In de gevangenis wordt gestaakt en in het buitengewoon stedelijk onderwijs gelden nieuwe voorzorgsmaatregelen maar in het dagcentrum voor jonge mensen met dementie is mijn bezoek vooralsnog geen probleem. Plooifiets, sporttas, aanbellen, handen wassen en daar is de voorzichtige kring (het is zo raar zegt Dian, we knuffelen graag) waarin eenieder zich aan me voorstelt. Een technisch ingenieur, handelsingenieur, computerprogrammeur, fotograaf, ceo van een NGO en onderneemster. (Je bent wat je deed).
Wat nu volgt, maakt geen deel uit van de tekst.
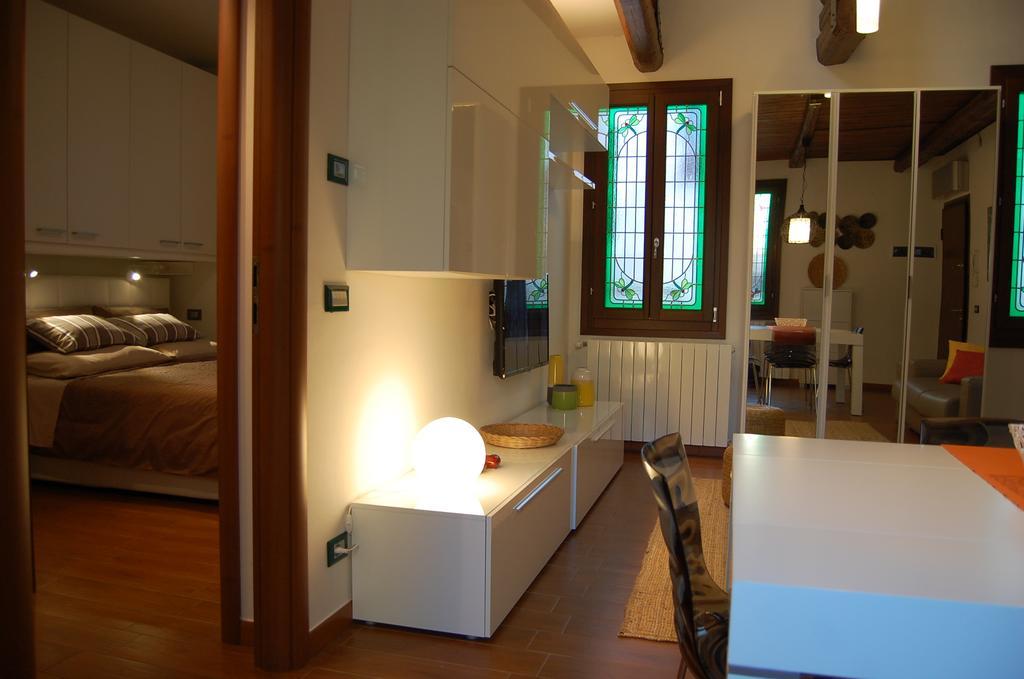 Apartamento Loft Due Cuori Con Terrazza Venecia Exterior foto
Ik vertel dat ik drie kinderen grootbracht, nog altijd met dezelfde vrouw woon maar ontsnap ook niet aan beroep en wat daarna.
Wij zijn gelukkig getrouwd zegt de man links van mij, mijn vrouw gelukkig en ik getrouwd. Gelach.
Er is koffie of thee. Koffiekan, melkkan, jerrycan en ik kan het ook. Gelach. De man links van mij, hij voert het hoge woord. Ik programmeerde virussen, twee Tsjetsjenen, drie Slovaken. Gelach. Wij zijn gelukkig getrouwd, mijn vrouw gelukkig en ik getrouwd. Opnieuw. Gelach. Zullen we zien naar wat er in zijn sporttas zit zegt Dian. Kom, we zullen zien zei de blinde en hij liep tegen de muur. Gelach.
Ik toon het doosje met de dansende figuren, een vrouw zegt driemaal dat haar koffietas leeg is, en de fotograaf weet niet waarnaartoe hij kijken moet. Applaus. Toon het nog maar eens zegt Dian.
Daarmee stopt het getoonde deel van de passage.